WHAT NEEDS TO BE DONE:
Transcribe, starting at the line with "MFAHAMU MZEE PASCHAL" and ending at the line with "AUSTIN 1.6M Standard", every line of the material below exactly, but leave out the pictures and anything outside that span.

DATA EXTRACT:
• • • •

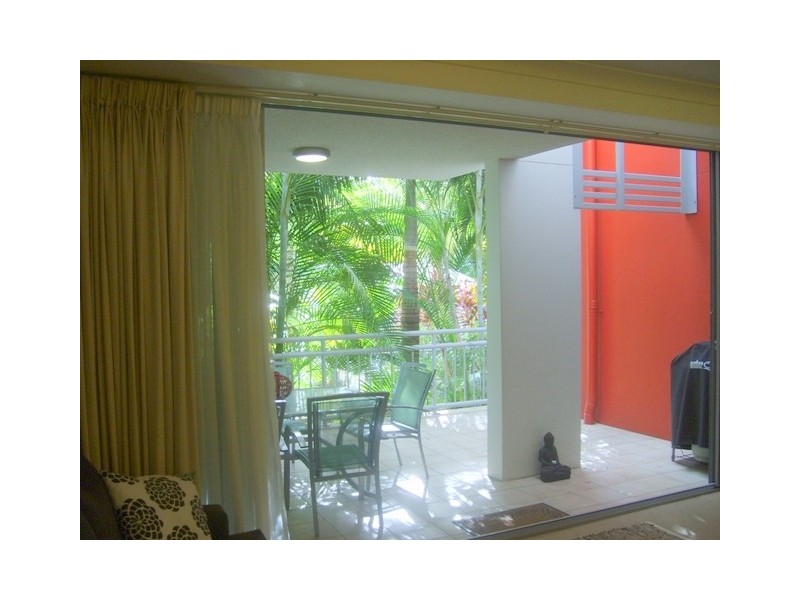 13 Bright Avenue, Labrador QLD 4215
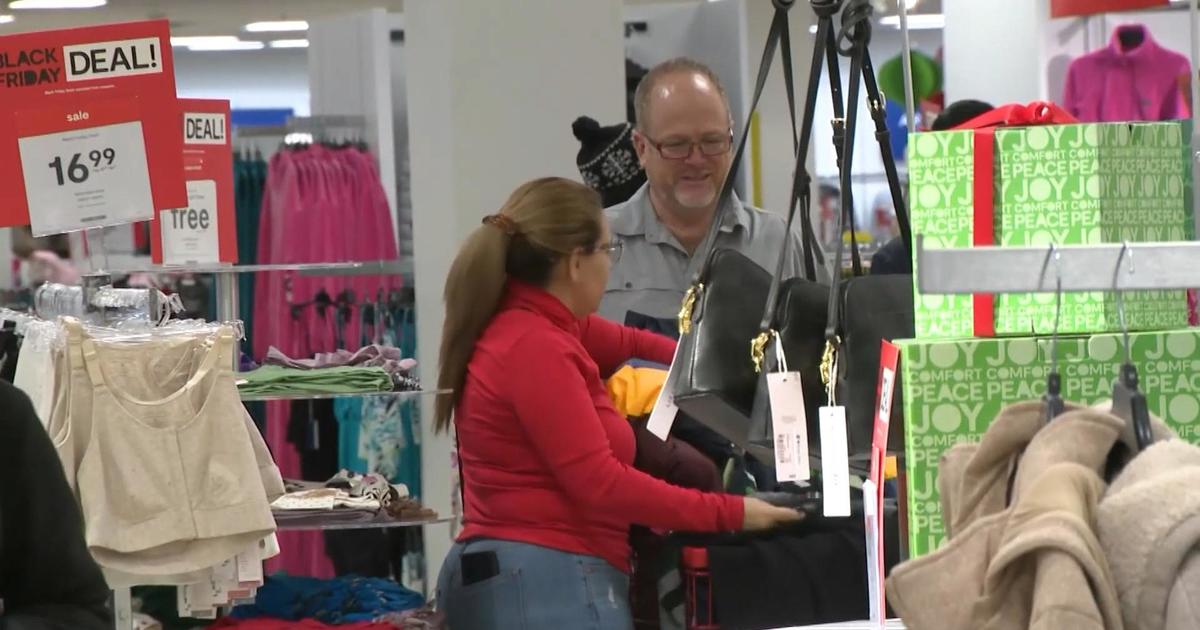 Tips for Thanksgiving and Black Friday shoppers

• • • •

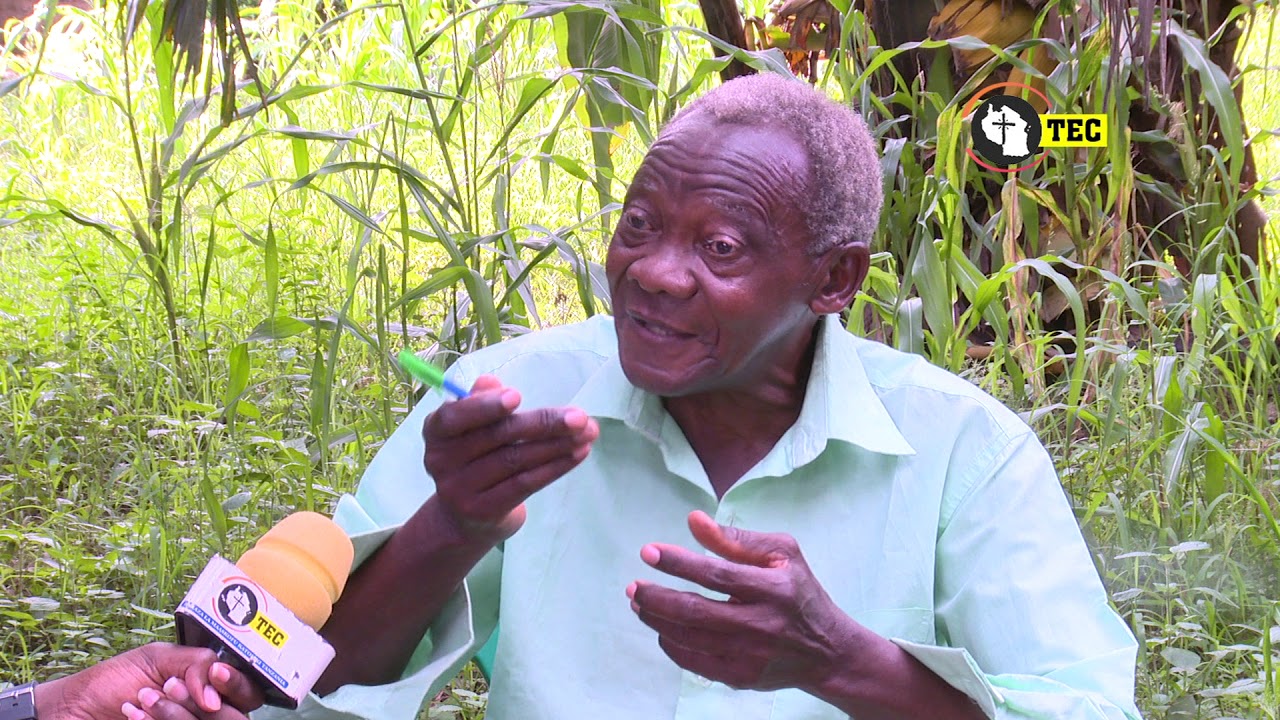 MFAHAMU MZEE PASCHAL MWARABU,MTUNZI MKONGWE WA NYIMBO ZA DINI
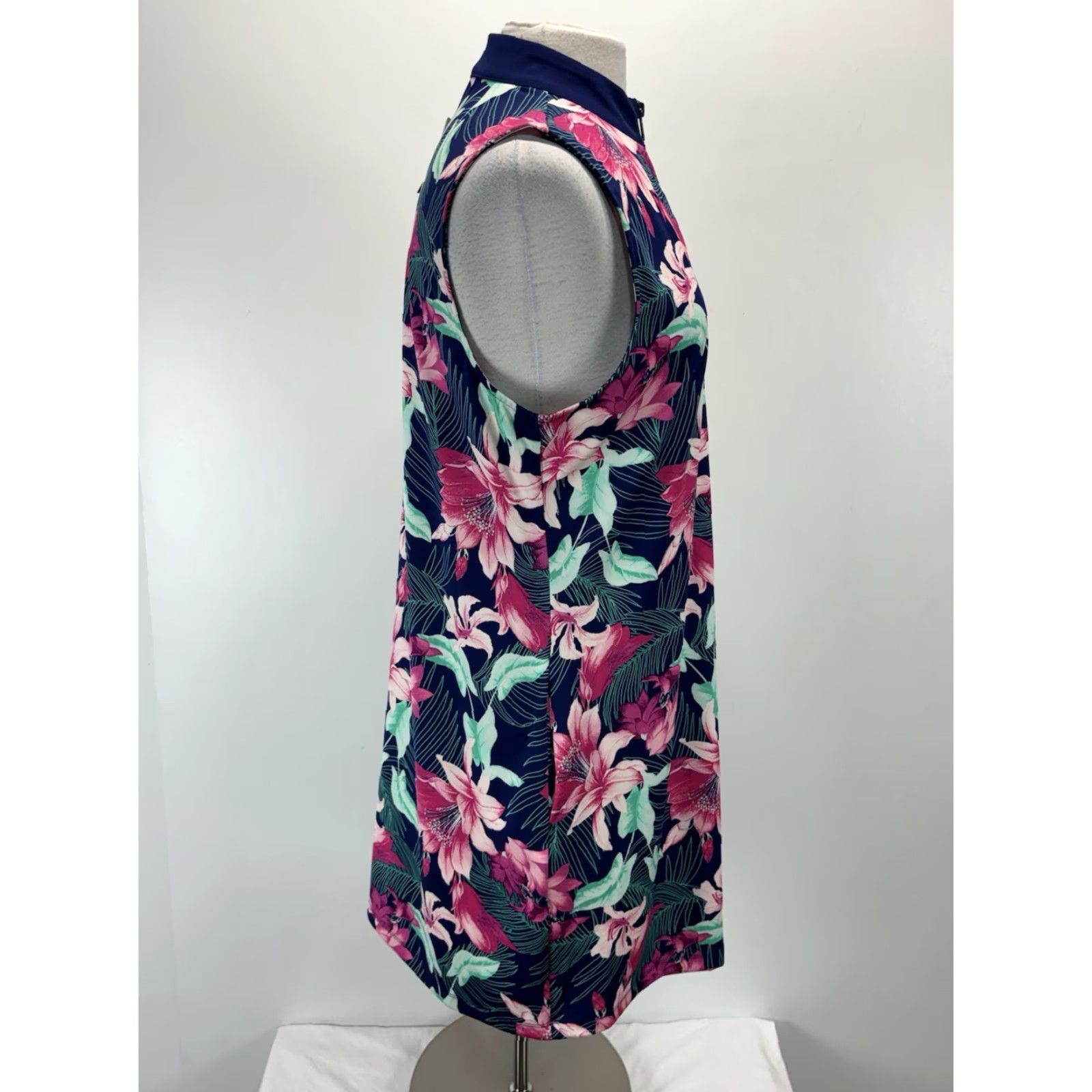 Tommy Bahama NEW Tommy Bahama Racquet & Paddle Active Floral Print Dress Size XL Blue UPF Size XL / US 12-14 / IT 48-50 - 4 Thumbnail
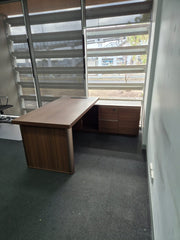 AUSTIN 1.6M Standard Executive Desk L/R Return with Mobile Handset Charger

• • • •

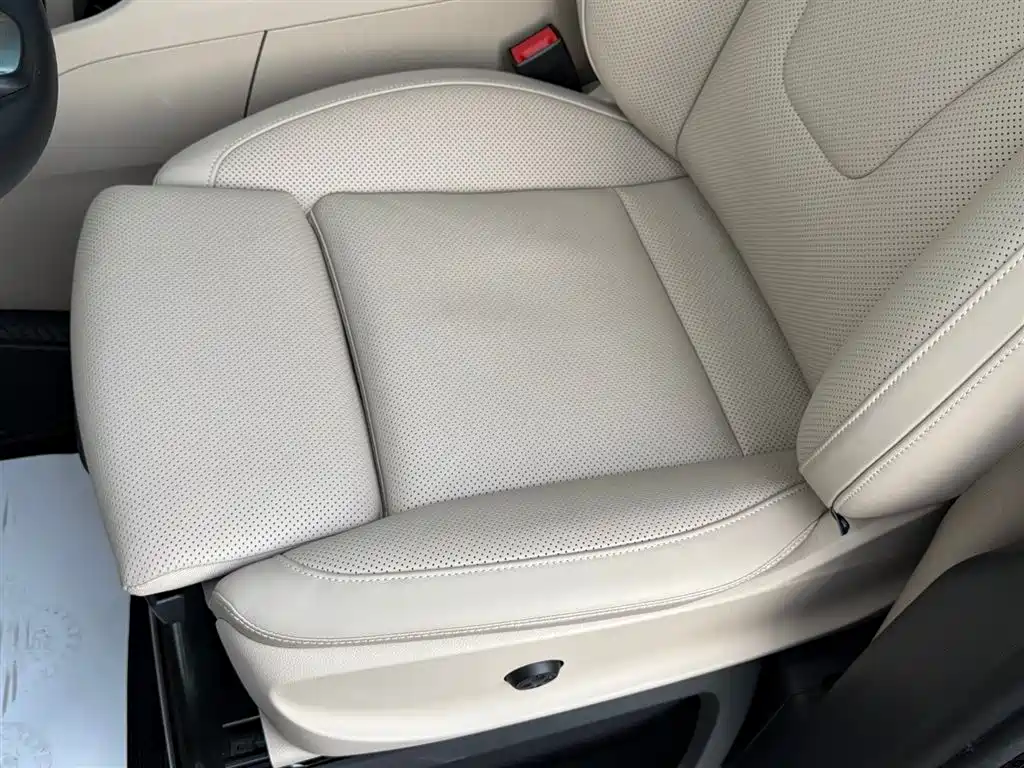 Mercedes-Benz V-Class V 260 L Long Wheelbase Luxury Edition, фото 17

• • • •

OUTPUT OF THE TASK:
 MFAHAMU MZEE PASCHAL MWARABU,MTUNZI MKONGWE WA NYIMBO ZA DINI
 Tommy Bahama NEW Tommy Bahama Racquet & Paddle Active Floral Print Dress Size XL Blue UPF Size XL / US 12-14 / IT 48-50 - 4 Thumbnail
 AUSTIN 1.6M Standard Executive Desk L/R Return with Mobile Handset Charger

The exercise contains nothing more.